WHAT THIS TASK INVOLVES — Begin at the line below that has "Panel Discussion (L-R)". Stop after the line that has "StarTech.com Adattatore Multi-porta", repeating each line exactly and leaving out the pictures.

----------------------------------------

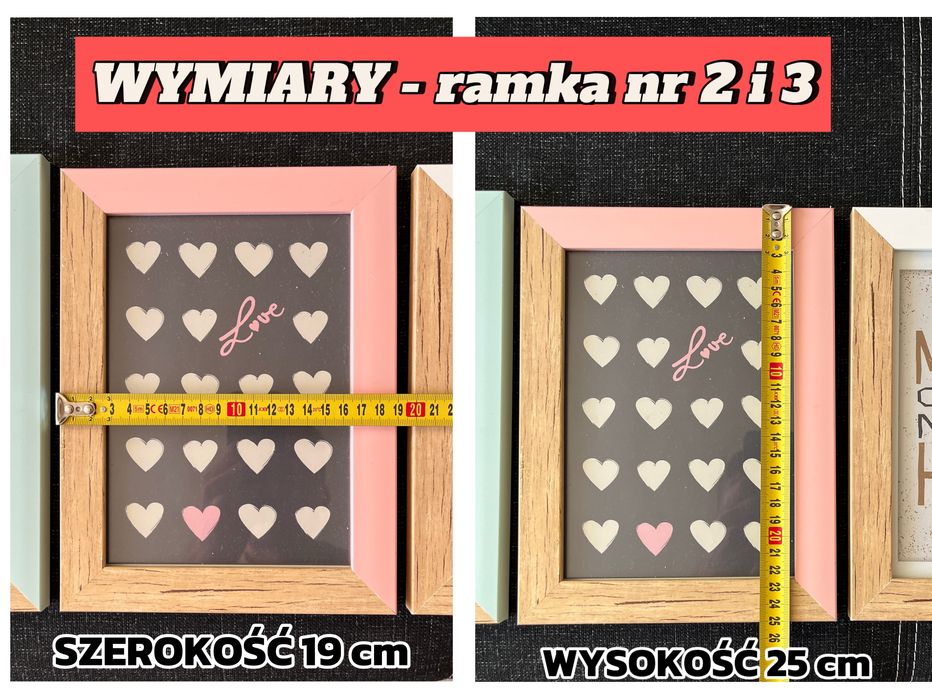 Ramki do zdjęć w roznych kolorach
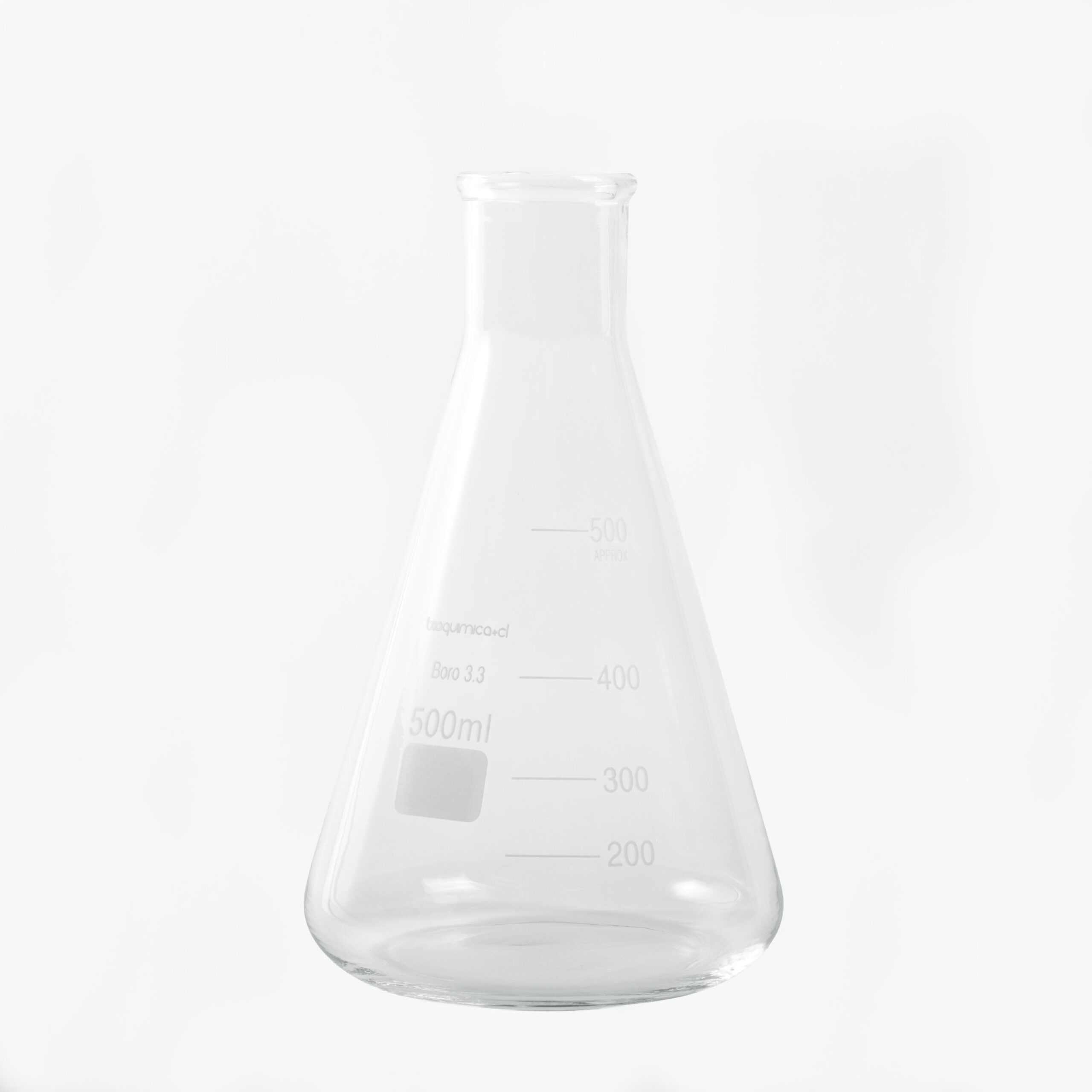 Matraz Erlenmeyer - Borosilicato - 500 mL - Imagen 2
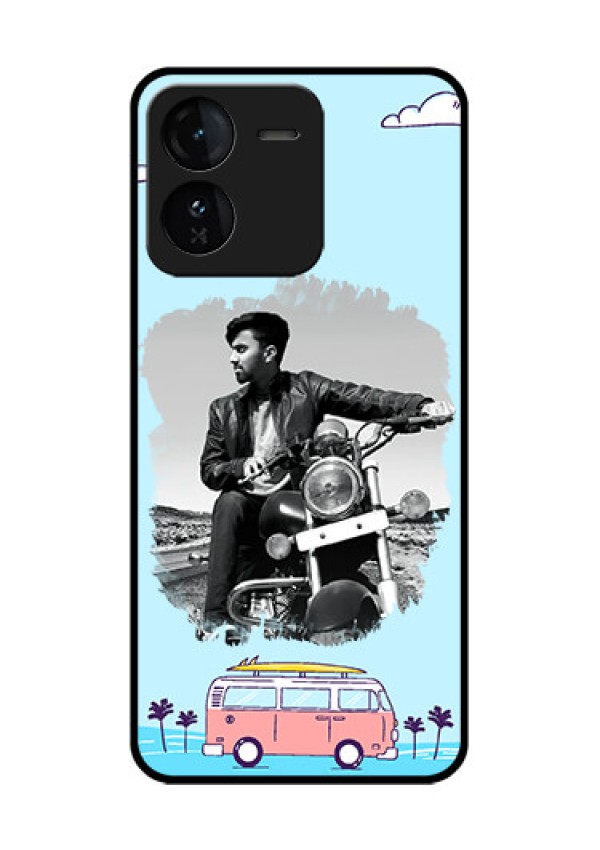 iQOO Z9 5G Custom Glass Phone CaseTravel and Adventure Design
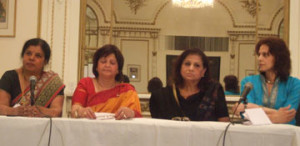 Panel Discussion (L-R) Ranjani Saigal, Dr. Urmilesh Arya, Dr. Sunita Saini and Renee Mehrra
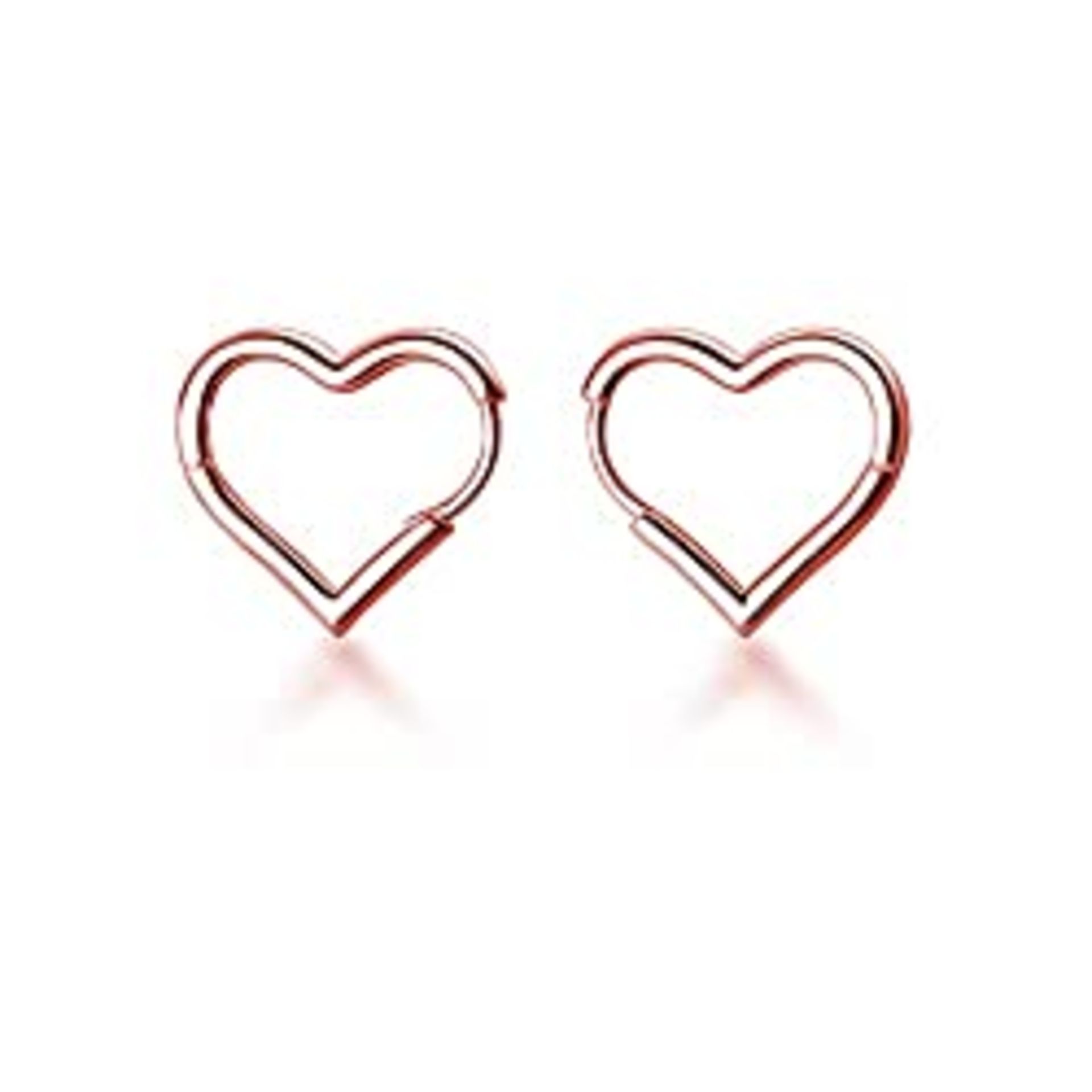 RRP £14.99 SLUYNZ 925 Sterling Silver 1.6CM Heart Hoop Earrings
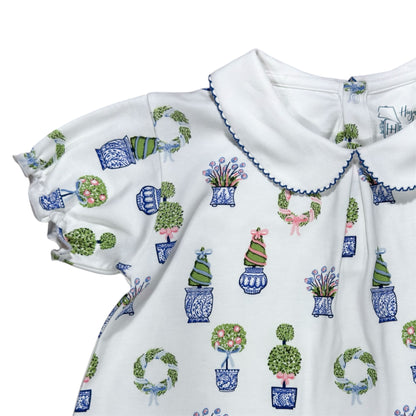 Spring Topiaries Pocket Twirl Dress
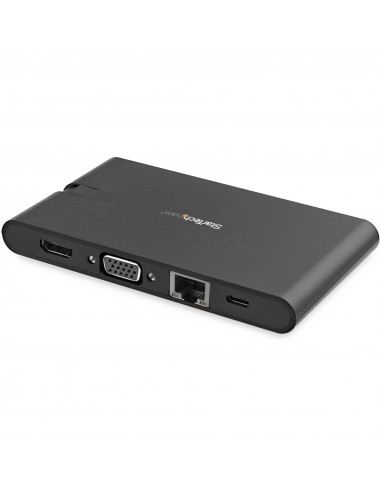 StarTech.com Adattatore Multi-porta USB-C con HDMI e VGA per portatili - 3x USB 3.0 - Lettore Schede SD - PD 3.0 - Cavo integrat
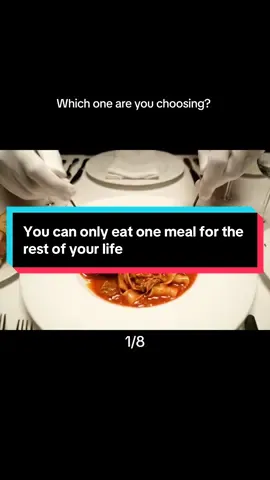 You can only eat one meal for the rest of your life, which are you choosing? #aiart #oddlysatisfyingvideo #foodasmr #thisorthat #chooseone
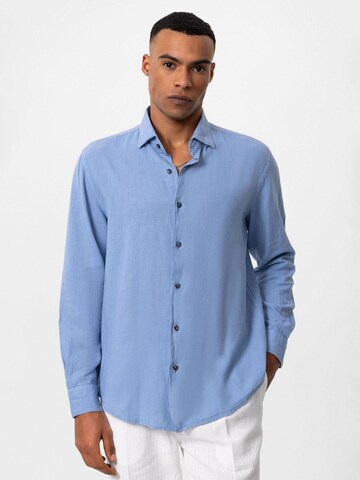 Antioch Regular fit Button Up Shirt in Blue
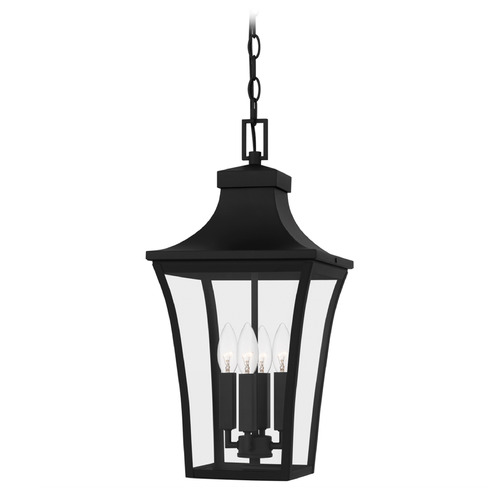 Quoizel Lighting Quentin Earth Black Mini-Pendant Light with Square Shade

----------------------------------------

OUTPUT FOR THIS TASK —
 Panel Discussion (L-R) Ranjani Saigal, Dr. Urmilesh Arya, Dr. Sunita Saini and Renee Mehrra
 RRP £14.99 SLUYNZ 925 Sterling Silver 1.6CM Heart Hoop Earrings
 Spring Topiaries Pocket Twirl Dress
 StarTech.com Adattatore Multi-porta USB-C con HDMI e VGA per portatili - 3x USB 3.0 - Lettore Schede SD - PD 3.0 - Cavo integrat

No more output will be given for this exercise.